Geboren in Bergkamen bei Dortmund, studierte Drewermann Philosophie und Theologie, später Psychoanalyse. Ab 1972 war er als Priester in Paderborn tätig. Seit 1979 hielt er Vorlesungen in Religionsgeschichte und Dogmatik an der dortigen Katholisch-Theologischen Fakultät. Bereits 1989 versuchte Drewermann in seinem Buch "Kleriker", "ekklesiogene Neurosen" des Priester- und Mönchsstandes aufzudecken.
Eskalation nach "Spiegel"-Gespräch an Weihnachten 1991
Im Oktober 1991 entzog Erzbischof Johannes Joachim Degenhardt seinem populären Priester die Lehrerlaubnis. Drei Monate später verbot er ihm zu predigen, seit März 1992 durfte der Theologe auch sein Priesteramt nicht mehr ausüben. Auslöser für die Eskalation war ein "Spiegel"-Gespräch an Weihnachten 1991. Darin bezweifelte der Theologe, dass Jesus die Sakramente in der von der Kirche verkündeten Form eingesetzt habe. Er bezeichnete Jungfrauengeburt, Weihnachtsgeschichte und Himmelfahrt als Mythen.
Zu den mehr als 80 in zahlreiche Sprachen übersetzten Büchern des Auflagen-Millionärs gehören ein mehrbändiges Werk über "Glauben in Freiheit", ein Roman über den als Ketzer verbrannten Giordano Bruno, dicke Wälzer über das Markus-, Johannes- und Lukas-Evangelium sowie Märchen-Interpretationen. Andere Werke bewegen sich im Grenzgebiet von Biologie und Kosmologie und Theologie.
Einsatz in der Politik
Auch politisch mischte sich Drewermann ein. Er wandte sich gegen eine Militarisierung der Politik, setzte sich für den Tierschutz ein und prangerte Umweltzerstörung an. "Die Nato ist das aggressivste Bündnis, das die Menschheit je gesehen hat", polterte er.
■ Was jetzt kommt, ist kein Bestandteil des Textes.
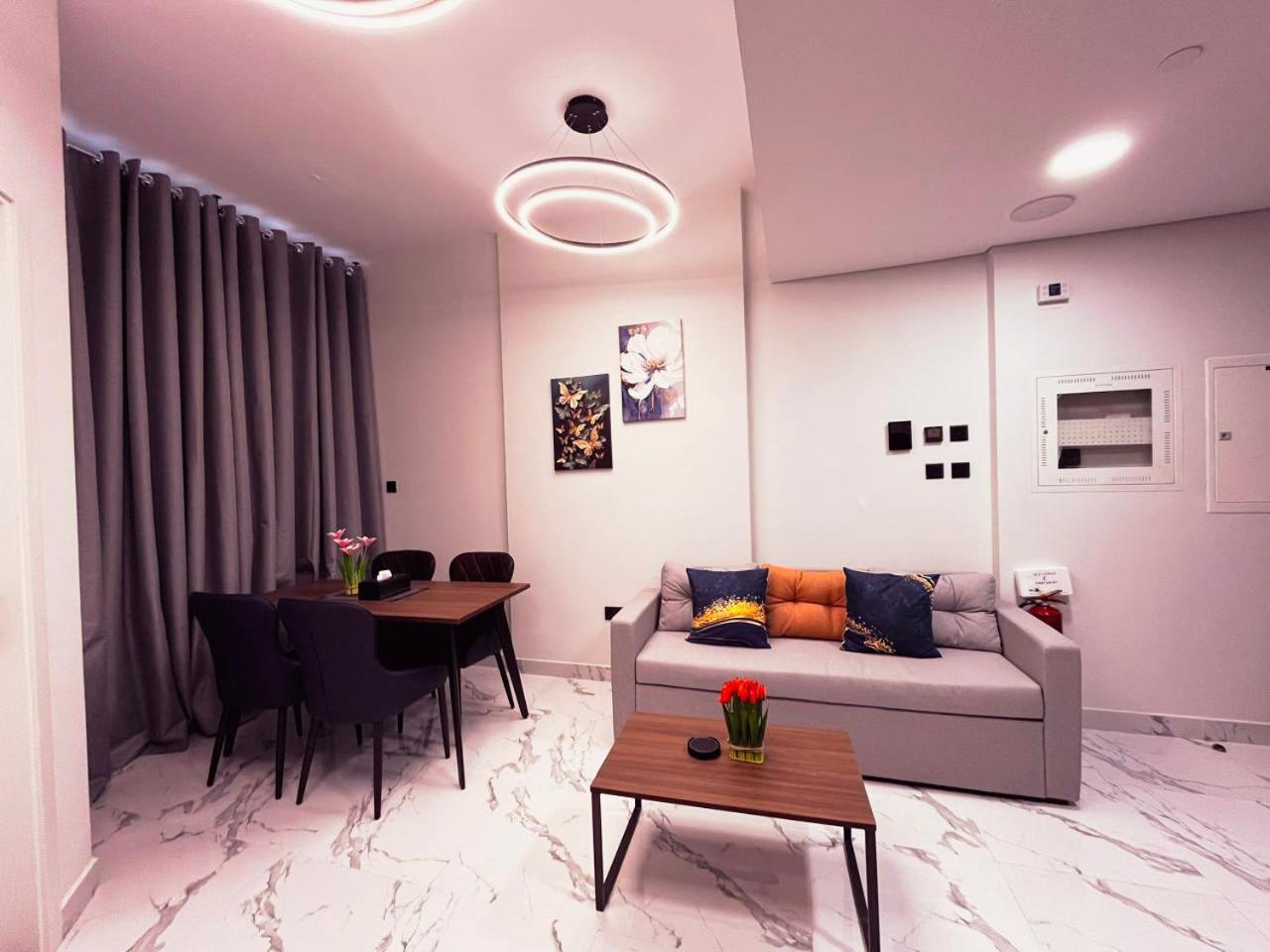 Maryah Island 1 Bed Junior Next To Cleveland Hospital Abu Dhabi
Und scheute sich Ende 2014 auch nicht, bei einer Demonstration von Altkommunisten, Neu-Rechten wie den "Reichsbürgern" und Verschwörungstheoretikern aufzutreten. Kritiker halten ihm vor, er psychologisiere die Politik und greife auf konservativ-reaktionäre Denktraditionen zurück.
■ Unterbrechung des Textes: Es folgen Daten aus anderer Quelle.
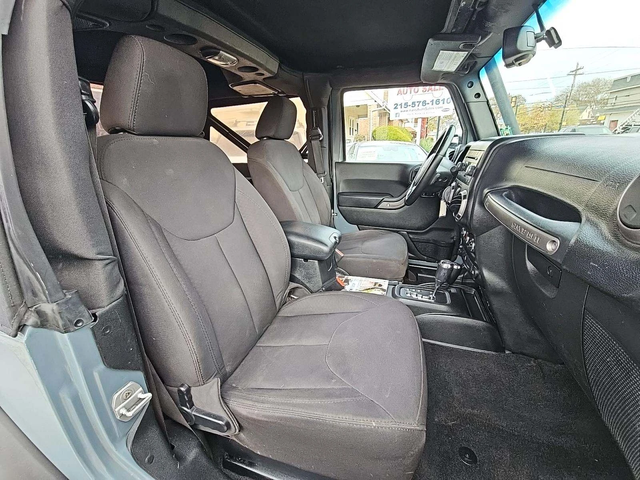 Jeep Wrangler Sport - автомобили, коли, обяви за нови и употребявани 9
Kirchlich gab es zuletzt versöhnliche Signale: 2019 lud die Theologische Fakultät in Paderborn ihn zu einem Vortrag an seine frühere Wirkungsstätte ein. Drewermann selber bezeichnete Papst Franziskus als "aufrechte Person", die es allerdings oft schwer habe, sich im Vatikan durchzusetzen. Für ihn selbst, so Drewermann, gebe es keinen Weg zurück. "Jesus hat nicht einmal das Christentum gegründet und ganz sicher keine Kirche."